▶ _Your goal_: Take the line that has "3 CONTINENTAL WAY, Bridgeport, PA 19405" and all the lines that come after it in the records, and write them out again exactly. Add no other line.

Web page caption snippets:
----------------------------------------

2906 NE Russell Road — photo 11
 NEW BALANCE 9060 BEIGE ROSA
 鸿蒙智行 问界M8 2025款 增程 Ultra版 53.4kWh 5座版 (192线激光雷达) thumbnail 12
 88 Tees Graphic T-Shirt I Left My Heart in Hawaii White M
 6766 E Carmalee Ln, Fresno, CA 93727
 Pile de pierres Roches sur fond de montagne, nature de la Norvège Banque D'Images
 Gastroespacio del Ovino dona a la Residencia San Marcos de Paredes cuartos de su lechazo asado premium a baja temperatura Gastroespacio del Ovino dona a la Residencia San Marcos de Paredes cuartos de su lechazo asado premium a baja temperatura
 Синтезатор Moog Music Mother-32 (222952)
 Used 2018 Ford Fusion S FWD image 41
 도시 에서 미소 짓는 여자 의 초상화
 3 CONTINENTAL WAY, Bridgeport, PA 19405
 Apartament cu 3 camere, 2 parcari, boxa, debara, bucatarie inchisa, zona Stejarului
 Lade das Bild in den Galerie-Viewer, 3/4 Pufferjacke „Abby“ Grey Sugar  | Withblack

----------------------------------------

▶ _Answer to this problem_:
 3 CONTINENTAL WAY, Bridgeport, PA 19405
 Apartament cu 3 camere, 2 parcari, boxa, debara, bucatarie inchisa, zona Stejarului
 Lade das Bild in den Galerie-Viewer, 3/4 Pufferjacke „Abby“ Grey Sugar  | Withblack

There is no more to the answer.